START MATERIALS PROVIDED

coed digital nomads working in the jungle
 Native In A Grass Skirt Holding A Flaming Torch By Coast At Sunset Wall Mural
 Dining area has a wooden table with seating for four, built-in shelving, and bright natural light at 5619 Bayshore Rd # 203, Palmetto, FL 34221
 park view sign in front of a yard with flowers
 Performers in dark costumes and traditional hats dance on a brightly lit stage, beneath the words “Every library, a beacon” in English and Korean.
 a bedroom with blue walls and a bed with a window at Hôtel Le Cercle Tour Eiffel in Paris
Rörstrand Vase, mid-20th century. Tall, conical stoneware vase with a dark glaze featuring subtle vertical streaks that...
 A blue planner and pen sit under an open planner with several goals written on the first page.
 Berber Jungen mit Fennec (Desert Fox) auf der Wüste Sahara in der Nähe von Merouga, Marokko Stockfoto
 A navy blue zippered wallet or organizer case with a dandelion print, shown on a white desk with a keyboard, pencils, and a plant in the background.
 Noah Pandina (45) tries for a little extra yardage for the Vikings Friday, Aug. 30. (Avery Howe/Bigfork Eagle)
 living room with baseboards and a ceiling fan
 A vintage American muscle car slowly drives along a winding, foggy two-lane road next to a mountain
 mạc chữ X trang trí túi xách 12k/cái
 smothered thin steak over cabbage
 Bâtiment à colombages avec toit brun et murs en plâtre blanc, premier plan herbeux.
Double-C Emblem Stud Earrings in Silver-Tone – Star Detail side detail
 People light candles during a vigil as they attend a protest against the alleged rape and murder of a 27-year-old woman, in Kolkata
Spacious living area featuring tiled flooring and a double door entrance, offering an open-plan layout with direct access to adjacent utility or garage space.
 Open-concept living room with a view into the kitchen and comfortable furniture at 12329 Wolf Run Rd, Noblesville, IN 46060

END MATERIALS PROVIDED

### YOUR INSTRUCTIONS
Begin at the first line of the material and transcribe each line exactly. End with the line containing "Rörstrand Vase, mid-20th", and give nothing else.

### SOLVED EXERCISE
coed digital nomads working in the jungle
 Native In A Grass Skirt Holding A Flaming Torch By Coast At Sunset Wall Mural
 Dining area has a wooden table with seating for four, built-in shelving, and bright natural light at 5619 Bayshore Rd # 203, Palmetto, FL 34221
 park view sign in front of a yard with flowers
 Performers in dark costumes and traditional hats dance on a brightly lit stage, beneath the words “Every library, a beacon” in English and Korean.
 a bedroom with blue walls and a bed with a window at Hôtel Le Cercle Tour Eiffel in Paris
Rörstrand Vase, mid-20th century. Tall, conical stoneware vase with a dark glaze featuring subtle vertical streaks that...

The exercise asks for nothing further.